Een pandrecht kan op een toekomstige vordering worden gevestigd.
- Volgens art. 3:97 lid 1 BW kan een toekomstig goed bij voorbaat worden geleverd, tenzij het een registergoed is. Deze bepaling is op grond van art. 3:98 BW ook van toepassing op vestiging bij voorbaat van een beperkt recht - waaronder een pandrecht - op een toekomstig goed.
Openbaar pandrecht (art. 3:226 lid 2 BW)
Een openbaar pandrecht op een toekomstige vordering moet volgens art. 3:236 lid 2 BW worden gevestigd op de door art. 3:94 lid 1 BW voorgeschreven wijze, dus bij akte en mededeling. Door deze laatste eis moet de schuldenaar bekend zijn.

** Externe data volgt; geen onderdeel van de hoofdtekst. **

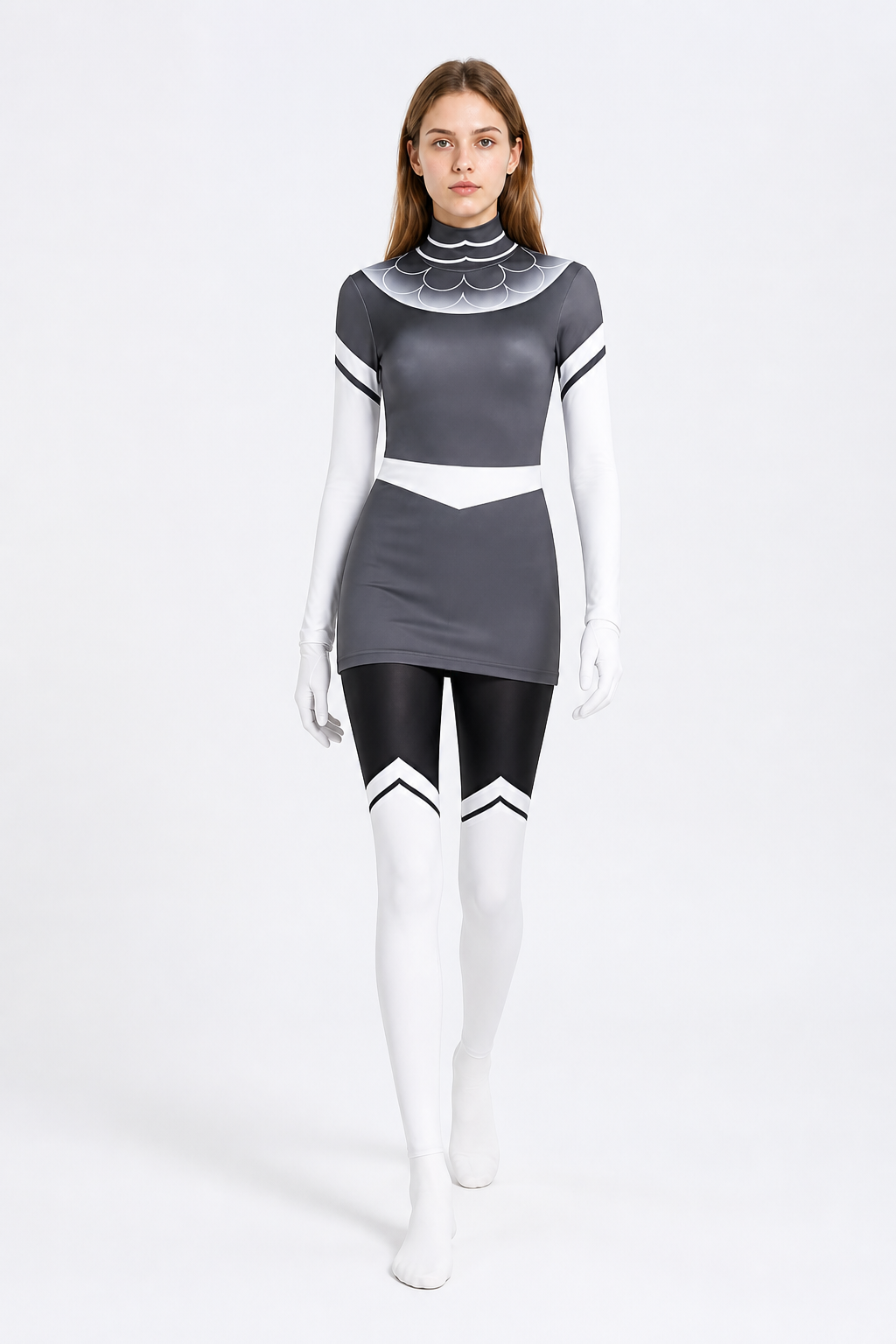Halloween Cosplay Costume with White Inserts Costumes detail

Stil pandrecht (art. 3:239 lid 1 BW)
Een stil pandrecht op een toekomstige vordering is op grond van art. 3:239 lid 1 BW alleen mogelijk op vorderingen die de pandgever rechtstreeks zal verkrijgen uit een ten tijde van de verpanding reeds bestaande rechtsverhouding.
- HR 17-02-2012, ECLI:NL:HR:2012:BU6552 (Rabobank/Kézér q.q.)
Art. 3:239 lid 1 BW (stil pandrecht) correspondeert met art. 475 Rv (beslag). Voor beide geldt dat de toekomstige vordering rechtstreeks moet worden verkregen uit een ten tijde van het beslag c.q. de vestiging van een stil pandrecht reeds bestaande rechtsverhouding. In dit geval omvat het stil pandrecht op het saldo van een bankrekening niet ook de nadien op die bankrekening ontvangen bedragen.